If it's only happening after a PCM dump of LTFT data then it sounds to me like the preprogrammed throttle position initial tip in setting is inadequate to keep the vehicle running and as the PCM/ECM learns this, it is opening the plate more to compensate and maintain the preprogrammed RPM at idle. The question is, is it because of a dirty TB with filth built up at the tip in point, or bad data from your MAF sensor causing the PCM to incorrectly guess how much to open the throttle to keep the truck running. Eventually, the PCM can ignore MAF data and default to a less precise MAP process as @OBeerWANKenobi mentioned to keep the truck running.

I'd start there for the cheap fix that couldn't hurt to do anyway.

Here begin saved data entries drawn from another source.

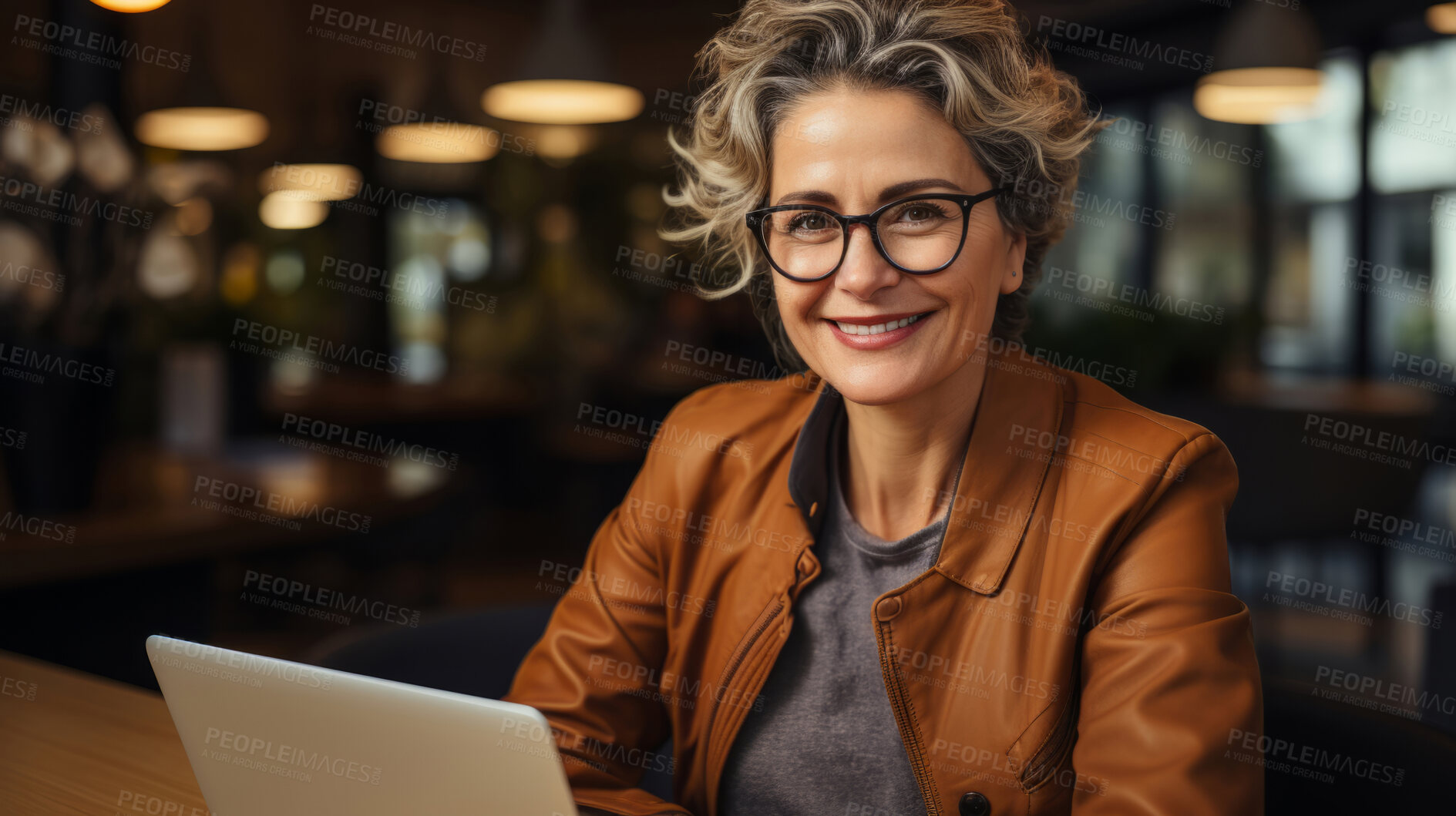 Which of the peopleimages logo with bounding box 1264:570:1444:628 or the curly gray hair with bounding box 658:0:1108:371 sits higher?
the curly gray hair with bounding box 658:0:1108:371

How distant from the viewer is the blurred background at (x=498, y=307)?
8.13ft

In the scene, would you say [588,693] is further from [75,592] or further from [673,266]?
[673,266]

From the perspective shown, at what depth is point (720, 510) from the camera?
1478 mm

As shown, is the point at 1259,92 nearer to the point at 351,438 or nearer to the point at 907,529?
the point at 907,529

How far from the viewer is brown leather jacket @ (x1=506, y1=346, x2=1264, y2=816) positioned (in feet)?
3.51

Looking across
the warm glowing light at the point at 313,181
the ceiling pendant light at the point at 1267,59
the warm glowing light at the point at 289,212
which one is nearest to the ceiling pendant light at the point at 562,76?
the ceiling pendant light at the point at 1267,59

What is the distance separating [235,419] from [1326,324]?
6271 mm

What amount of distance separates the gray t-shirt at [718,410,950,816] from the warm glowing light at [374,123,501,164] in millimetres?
4710

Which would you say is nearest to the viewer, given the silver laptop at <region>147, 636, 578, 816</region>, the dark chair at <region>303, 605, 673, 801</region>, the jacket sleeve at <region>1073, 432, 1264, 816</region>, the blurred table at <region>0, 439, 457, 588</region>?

It could be the throttle position sensor, but I would think it should throw a code for erroneous data being reported in the DBW system. And yes, you can throw out the IAC info because drive by wire systems just control the throttle plate electronically to maintain idle. In essence, the throttle plate is the IAC, because it can be computer controlled. Be careful when you clean the throttle body not to manually jack with the throttle plates, because some vehicle's throttle position sensors don't like it when the plates are moved manually.


You can likely use the MAF sensor cleaner on the TB, or if it's really grimy seafoam makes a good product called deep creep that's basically a foaming version of seafoam that can bust up carbon and dirt and it won't hurt if any of it gets sucked into the intake.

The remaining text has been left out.